Mexico 2013-16


 
A Mexican artist ( Paul David Bond) living in the US is the art for the Mexican post. I'm indulging my taste rather than anything symbolic this time.
Before we get down to work, a quick note on this and the next few Latin American forecasts, Each will be presented in the same way with each year providing a country forecast followed by a currency one. It is surprising how well they can  dovetail given that they were completely separate exercises
 Mexico was an interesting country during the previous five years with, increasing economic stability on one hand contrasting the drug violence on the other. The last half of 2012 was dominated by the change of government culminating with the new leader being sworn in in December. But the picture has been changing in 2013 and the new environment will be clearer in 2014. As usual we will backtrack a little to fill the 2013 gap,
Returning then to early 2013, the picture was mixed, on the one hand there was much promise from the growth forecasts and the new administration’s plans for regulatory change.
The situation was so good that the country cuts rates in mid March.
However the latter part of the first quarter was more challenging as not all the stats were positive and of course not everyone was embracing the proposed reforms.
The weaker stats were more noticeable in April and were accompanied by teacher protests against education reforms as well as objections to banking reform.

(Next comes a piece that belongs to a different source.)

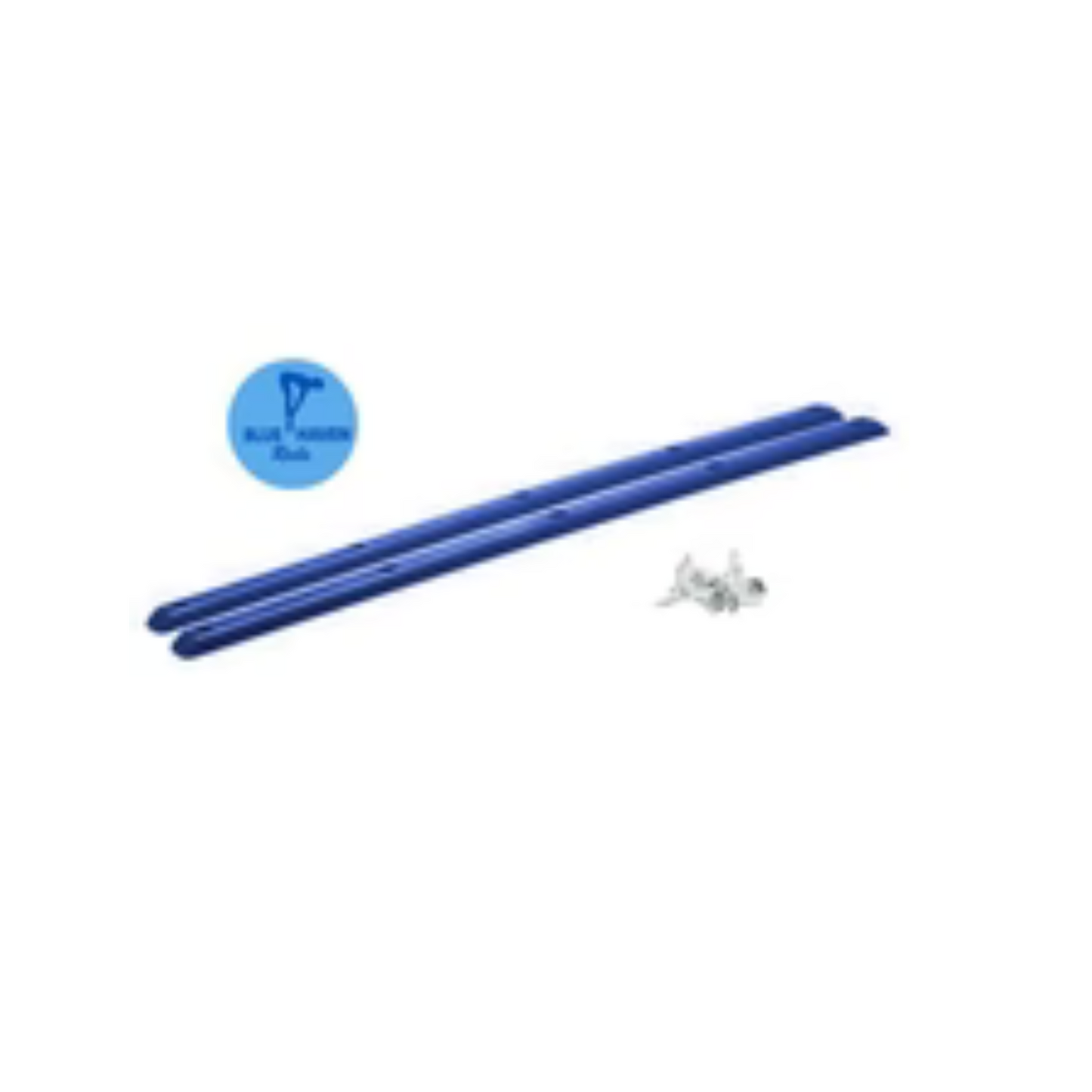 Blue Haven Rails - Blue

In May following Obama’s visit the country strengthened its economic ties with the US. And it received some good news in the form of a credit rating rise. But not all the stats were good and the Peso fell in May due to the concerns about the GDP and wider global worries.
May growth announced in July was better than expected nut doubts remained and the Peso fell in August as GDP fell for the first time in four years and forecasts were cut. Energy and other reforms continued however and Mexico continued to be popular with private equity and other investors.
September started with more protests by teachers, which were broken up later in the month. On the other hand an interest rate cut led to a rally in the peso and stock market ( a contrast with other EM nations)  
2 weeks of floods in later September  caused problems and added costs.
  The next two months were mixed, energy reforms continued and the stats were slightly better though the impact on debt of the lower CGP  caused concerns.
By December the mood was one of, hope that the new reforms would be a success but concern that the consumer may not be able to give the economy the ongoing boost needed.
 Peso 2013
The first quarter of 2013 continued the trend of 2012 for the peso as it rose against the dollar and many other currencies ( although without reaching its peak of July 2011)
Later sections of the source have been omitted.